The calculus of spans.
A span is a <doc,startPosition,endPosition>
tuple.
The following span query operators are implemented: * A SpanTermQuery matches all spans containing a particular Term. * A SpanNearQuery matches spans which occur near one another, and can be used to implement things like phrase search (when constructed from xref:Lucene.Net.Search.Spans.SpanTermQuerys) and inter-phrase proximity (when constructed from other xref:Lucene.Net.Search.Spans.SpanNearQuerys). * A SpanOrQuery merges spans from a number of other xref:Lucene.Net.Search.Spans.SpanQuerys. * A SpanNotQuery removes spans matching one SpanQuery which overlap (or comes near) another. This can be used, e.g., to implement within-paragraph search. * A SpanFirstQuery matches spans matching q
whose end position is less than n
. This can be used to constrain matches to the first part of the document. * A SpanPositionRangeQuery is a more general form of SpanFirstQuery that can constrain matches to arbitrary portions of the document. In all cases, output spans are minimally inclusive. In other words, a span formed by matching a span in x and y starts at the lesser of the two starts and ends at the greater of the two ends.
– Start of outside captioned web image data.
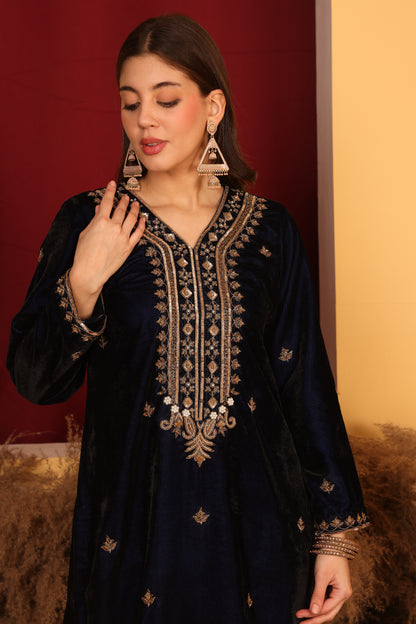 Chic Black Velvet Kurta Set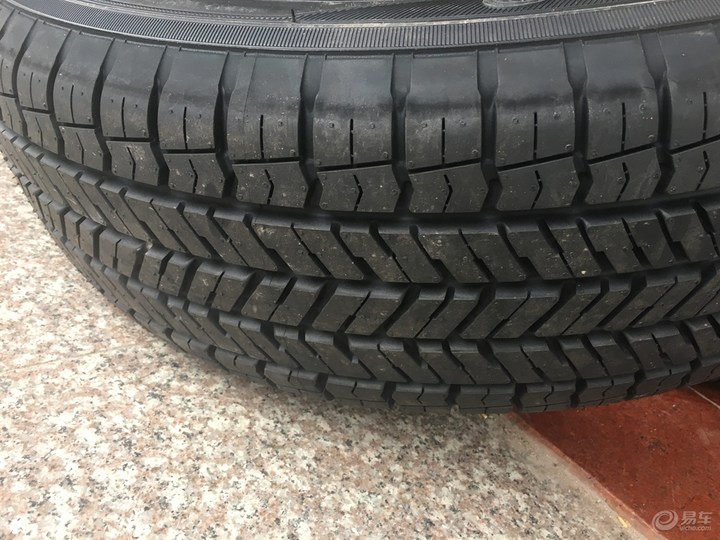 长安cs75plus轮胎爆胎,长安cs75爆胎怎么回事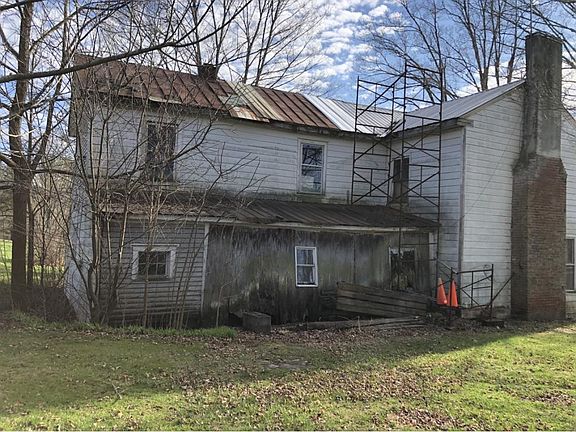 3rd image of 433 Crossroads Dr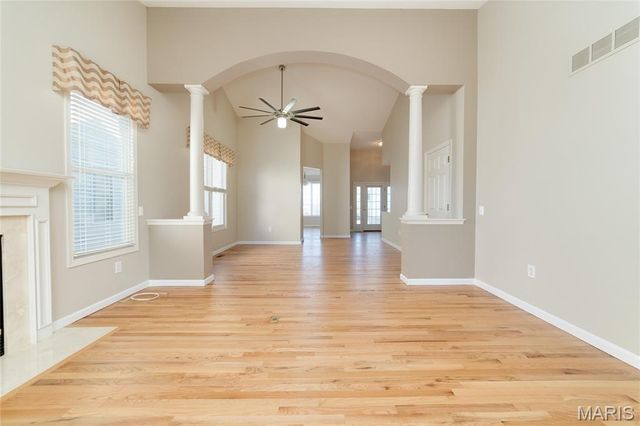 2114 Hawks Landing Drive S, Lake St Louis, MO 63367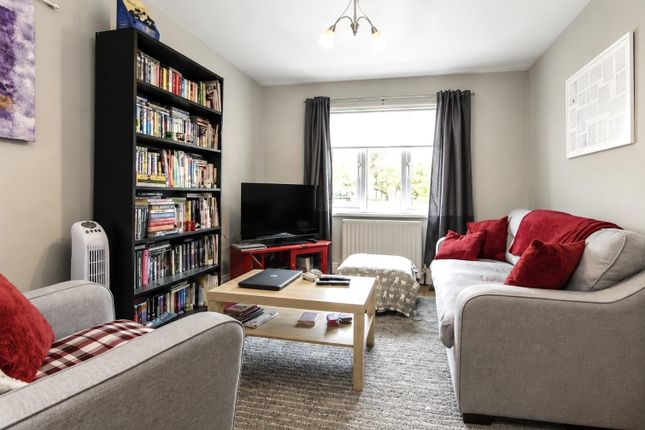 227, Passfield Avenue, Eastleigh photo 2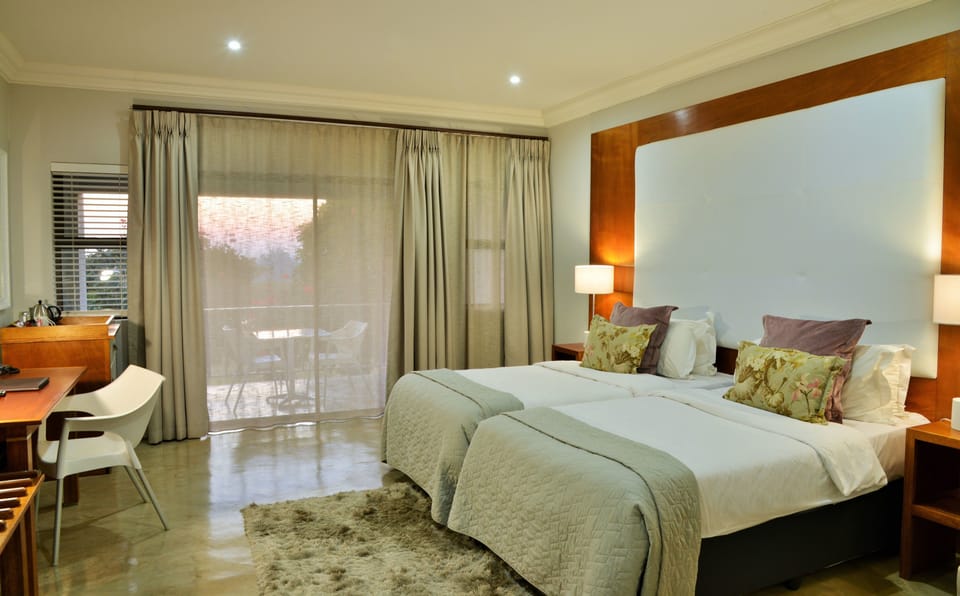 Deluxe Room | 2 bedrooms, minibar, in-room safe, iron/ironing board (on request)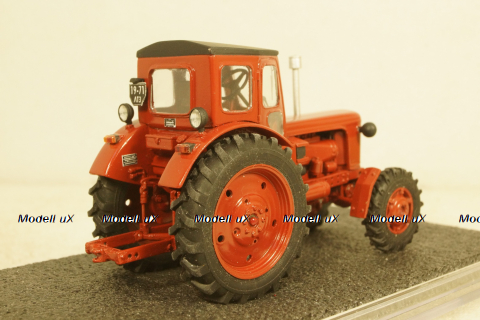 Трактор ЛТЗ Т-40, красный, Бригадир 1:43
For example, a span query which matches “John Kerry” within ten words of “George Bush” within the first 100 words of the document could be constructed with:
SpanQuery john = new SpanTermQuery(new Term("content", "john")); SpanQuery kerry = new SpanTermQuery(new Term("content", "kerry")); SpanQuery george = new SpanTermQuery(new Term("content", "george")); SpanQuery bush = new SpanTermQuery(new Term("content", "bush"));
SpanQuery johnKerry = new SpanNearQuery(new SpanQuery[] {john, kerry}, 0, true);
SpanQuery georgeBush = new SpanNearQuery(new SpanQuery[] {george, bush}, 0, true);
SpanQuery johnKerryNearGeorgeBush = new SpanNearQuery(new SpanQuery[] {johnKerry, georgeBush}, 10, false);
SpanQuery johnKerryNearGeorgeBushAtStart = new SpanFirstQuery(johnKerryNearGeorgeBush, 100);
Span queries may be freely intermixed with other Lucene queries. So, for example, the above query can be restricted to documents which also use the word “iraq” with:
Query query = new BooleanQuery(); query.add(johnKerryNearGeorgeBushAtStart, true, false); query.add(new TermQuery("content", "iraq"), true, false);